Restore backward after each batch for grad accum #1917

ebsmothers · 2024-10-29T13:58:54Z

The fix to normalize CE loss by total number of tokens in a step moved our backward call from per-batch to per-step. This means a bunch of activations are hanging around longer than they should and blowing up our memory. We should be able to call backward on the unnormalized values for each batch then manually scale the gradients just before optimizer step.

This is easy enough for our single-device recipes, but for our distributed recipes it's slightly more work. In fact it cannot be done in a way that is both (a) correct and (b) backwards compatible. If you want to know why this is the case, see the "Long digression" section below.

TLDR of the changes:

Gradient accumulation logic changes: We now (a) call backward on every batch's unnormalized loss, (b) accumulate num_tokens over every batch, (c) (distributed only) all_reduce num_tokens on the last batch prior to stepping, then (d) manually scale gradients prior to stepping with the optimizer.

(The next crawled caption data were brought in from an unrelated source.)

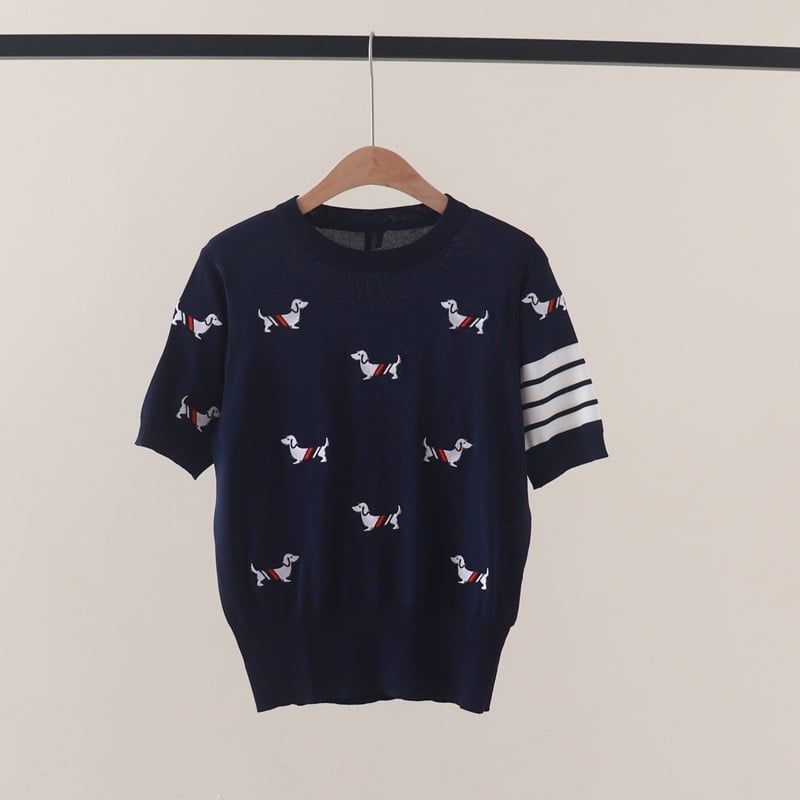  A438-Áo Thun Len Thêu Nhiều Cún Cưng 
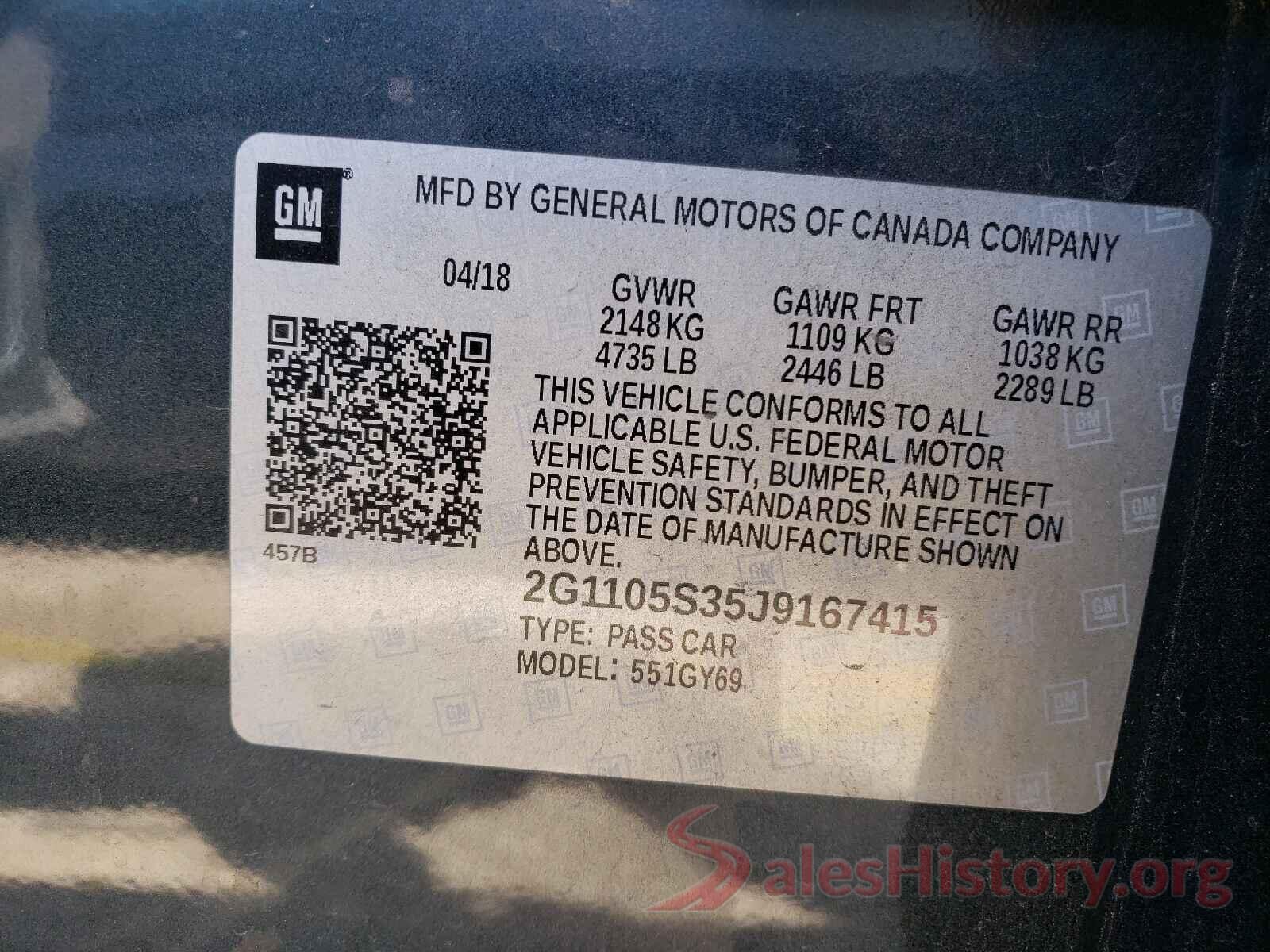 2G1105S35J9167415 2018 CHEVROLET IMPALA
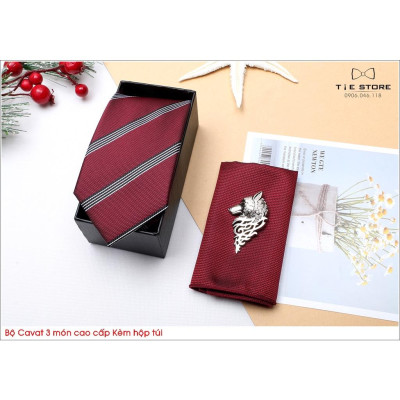 Ca Vat bộ 3 món kèm hộp túi xách cao cấp, quà tặng chú rể, Cavat họa tiết đỏ kẻ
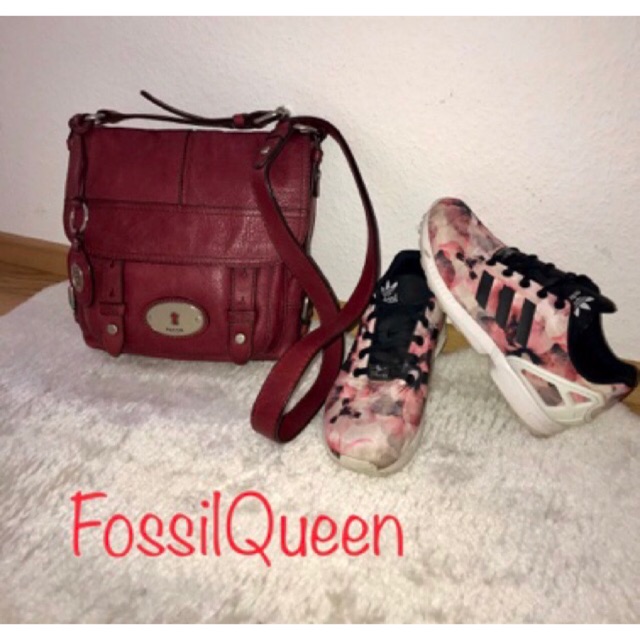 Tas FOSSIL Red Maddox Selempang Original Preloved Full Leather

This will revert the memory regression introduced by Normalize CE loss by total number of (non-padding) tokens #1875 but keep the correctness of the gradient accumulation logic.
Logging changes: If we are stepping based on total_loss / total_tokens (where total is over all batches and over all ranks), that's what should show up in the logs. Similarly, we can now use the number of tokens over all ranks instead of just rank 0 (though we still normalize tokens/sec to per GPU)
Optimizer in backward: This shouldn't be supported when gradient accumulation is enabled. Previously we didn't raise an explicit error about this (also it actually worked when we only call .backward() once per step, but we don't wanna do that). So now we'll raise an error (also I disabled a couple test cases that snuck in during this time period)
Minor changes to KD and QAT recipes: Integrate utils.batch_to_device into QAT recipe. This was causing num_tokens to show up on CPU instead of GPU because labels weren't moved until later.

Test plan

All the single-device recipe tests succeed without any changes. However, for our distributed recipe tests some of the expected values need to change.

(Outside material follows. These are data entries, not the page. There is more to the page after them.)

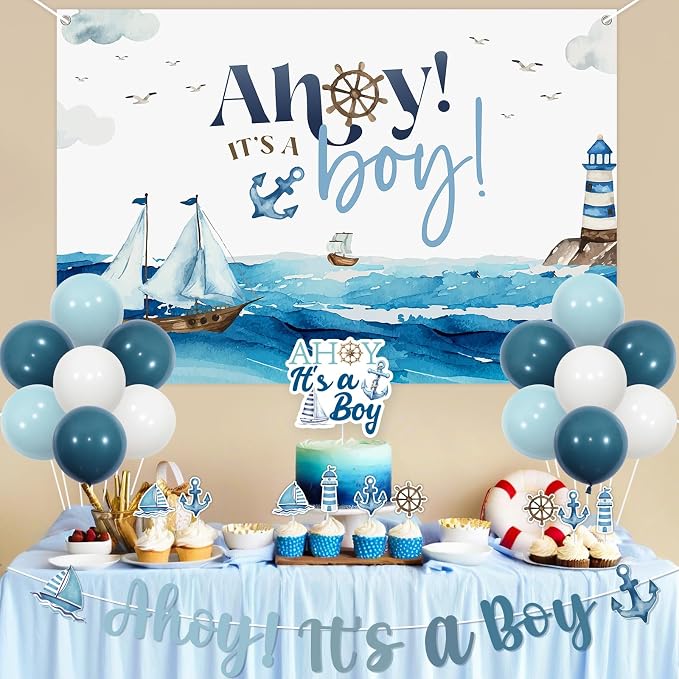 Ahoy Its A Boy Baby Shower Decorations Ahoy It's A Boy Backdrop Banner Nautical Baby Shower Cake Topper Ocean Navy Theme Party Sailor Birthday Ocean Sailing Sailboat Lighthouse Decor
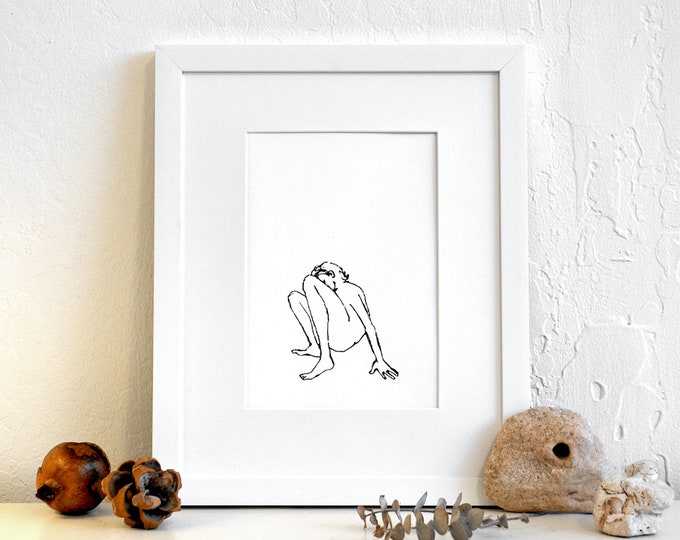 gravity girl - hand-pressed thermal print of my original drawing - minimal line figurative wall art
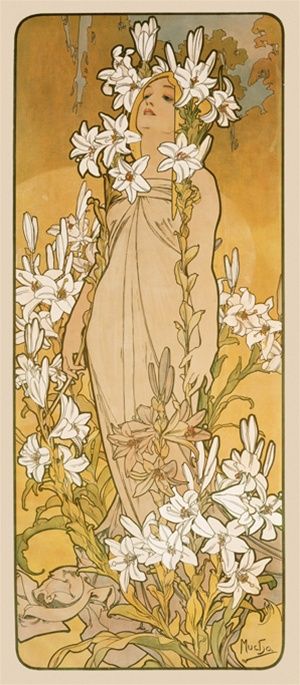 Tableau Les Fleurs : Lys de Alphonse Mucha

Why are you changing the expected values?!

Again, see the "long digression" section below, but we have been normalizing our loss by the local number of tokens, not the number of tokens seen over all ranks. Is this a huge deal? Honestly probably not, but technically it's not correct. How do I know this version is correct? I've run the following command both on main and on this PR:

pytest -m integration_test tests/recipes/test_full_finetune_distributed.py -k 'test_loss[False-llama2/7B_full-llama2-hf-1-4]'

In both cases I added logging of # of tokens and grad for the token embeddings weight. On main I also commented out the loss normalization so that we can get the raw values. Diff for my changes on main (changes on this PR are just the identical logging).

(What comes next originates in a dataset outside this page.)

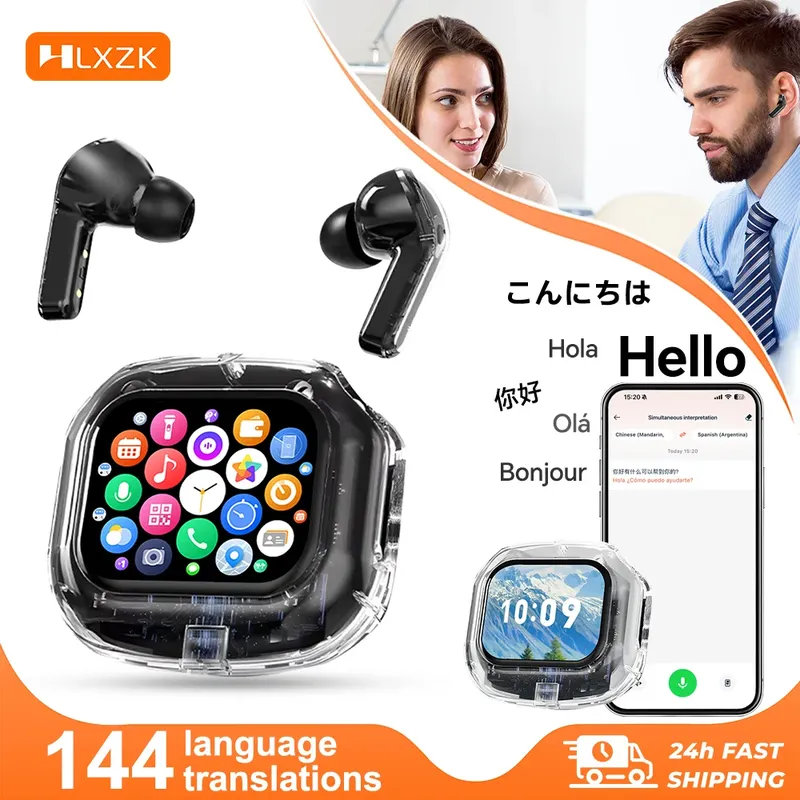HLXZK 01 Bluetooth V5.4 Kopfhörer AI Translator Ohrhörer OWS LCD Touch Screen Sport Drahtlose Kopfhörer HD Stereo Sound Longlife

Note that after the first iteration the results differ due to the difference in how the gradients are calculated, so looking at the logs from just the first iteration:

On main

rank: 1, idx: 0, num_tokens: 12
rank: 0, idx: 0, num_tokens: 59
rank: 0, idx: 1, num_tokens: 60
rank: 1, idx: 1, num_tokens: 268
rank: 0, idx: 2, num_tokens: 14
rank: 1, idx: 2, num_tokens: 133
rank: 0, idx: 3, num_tokens: 11
rank: 1, idx: 3, num_tokens: 6
rank: 0, unnormalized grad: DTensor(local_tensor=-13.8838529586792, device_mesh=DeviceMesh('cuda', [0, 1]), placements=(Partial(sum),))
rank: 1, unnormalized grad: DTensor(local_tensor=1.0207021236419678, device_mesh=DeviceMesh('cuda', [0, 1]), placements=(Partial(sum),))

On this PR

rank: 1, idx: 0, num_tokens: 12
rank: 0, idx: 0, num_tokens: 59
rank: 0, idx: 1, num_tokens: 60
rank: 1, idx: 1, num_tokens: 268
rank: 0, idx: 2, num_tokens: 14
rank: 1, idx: 2, num_tokens: 133
rank: 0, idx: 3, num_tokens: 11
rank: 1, idx: 3, num_tokens: 6
rank: 0, grad: DTensor(local_tensor=-0.02466048300266266, device_mesh=DeviceMesh('cuda', [0, 1]), placements=(Partial(sum),))
rank: 1, grad: DTensor(local_tensor=0.0018129688687622547 device_mesh=DeviceMesh('cuda', [0, 1]), placements=(Partial(sum),))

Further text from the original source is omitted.